Admittedly, the Rules do allow for a “safe harbor” of sorts for whistleblowers who choose to vertically report suspected wrongdoings to their organization’s internal compliance department. Under the Rules, potential whistleblowers may save their place in line for any future reward if specific steps are followed. Moreover, there is also the potential for a higher reward if the employee reports the suspect conduct internally first.
However, we anticipate that whistleblowers (and the lawyers representing them) will be inclined to direct their suspicions to the SEC, and return to the days of the “race to the courthouse.” Not surprisingly, the plaintiffs’ bar has already set up numerous “whistleblower protection” groups to encourage and counsel employees in reporting potential violations and preparing their reward applications.
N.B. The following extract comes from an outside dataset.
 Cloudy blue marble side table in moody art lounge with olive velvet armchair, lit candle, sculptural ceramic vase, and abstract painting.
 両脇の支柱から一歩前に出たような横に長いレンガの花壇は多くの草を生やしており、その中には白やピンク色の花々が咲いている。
Whistleblowers are incentivized further by enhancements to a potential private right of action in the event of retaliation, such as the ability to obtain double backpay, fees and reinstatement.
Given the SEC’s focus on stemming the tide of corporate malfeasance, and the sea of inside information readily available as a result of the Rules, claim frequency will undoubtedly increase. In fact, the SEC budget is set to more than double by 2015, in part to fund the increased investigations and enforcement actions based on whistleblower claims. Moreover, the potential for class and derivative actions by the plaintiffs’ bar is also greatly increased. Undoubtedly, there are going to be more private actions brought using the information whistleblowers are now likely to disclose. The obvious goal of the “whistleblower protection groups” is to capture the whistleblower’s information before it is presented to the SEC or the company’s internal process.
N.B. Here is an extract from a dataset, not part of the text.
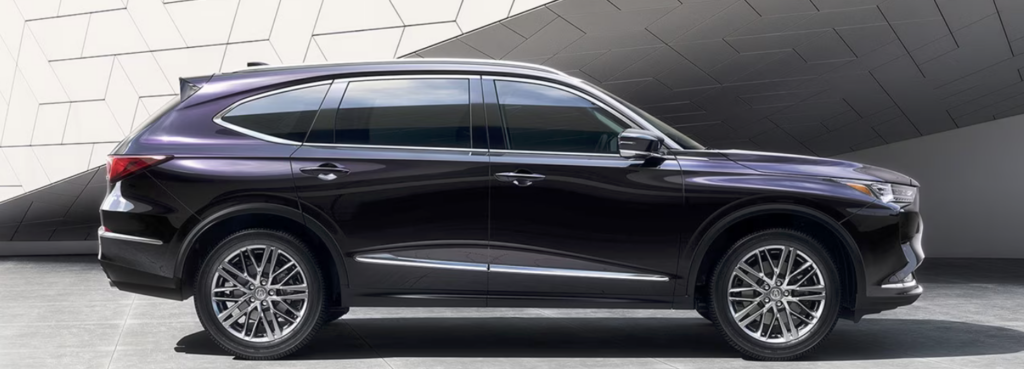 Acura MDX luxury family car sideview.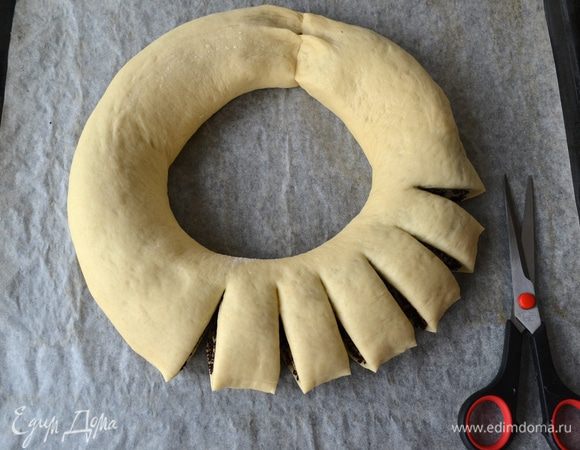 Теперь, с помощью кухонных ножниц, сделать по всей окружности рулета надрезы, не разрезая до конца. Расстояние между сегментами — около 1,5 см.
Potential insurer liability primarily stems from liberal definitions of “claim” and the reimbursement of defense costs requirement in most D&O policies. Financially-motivated employees who bypass their organization’s internal compliance department will generate increased SEC inquiries, which may trigger coverage and defense expense obligations. Policyholder professionals, such as brokers, are already counseling clients on the possible ramifications of increased SEC involvement. In that connection, it is likely that such groups will be seeking larger coverage grants, such as an expanded definition of “claim.”
Obviously, not every instance of alleged corporate malfeasance will generate significant exposure for corporations or their insurers. However, given the considerable costs associated with the defense and investigation of these claims, even small increases in frequency and severity could result in an exponential increase in costs for D&O insurers.
The Rules marry the unlimited enforcement powers of the government to a capitalist incentive program to generate more reporting from inside of corporations, more raw material, and more public and private resources to mine that material. The inevitable result is more losses, more expensive losses, and more claims for those losses. Opportunities and pitfalls abound.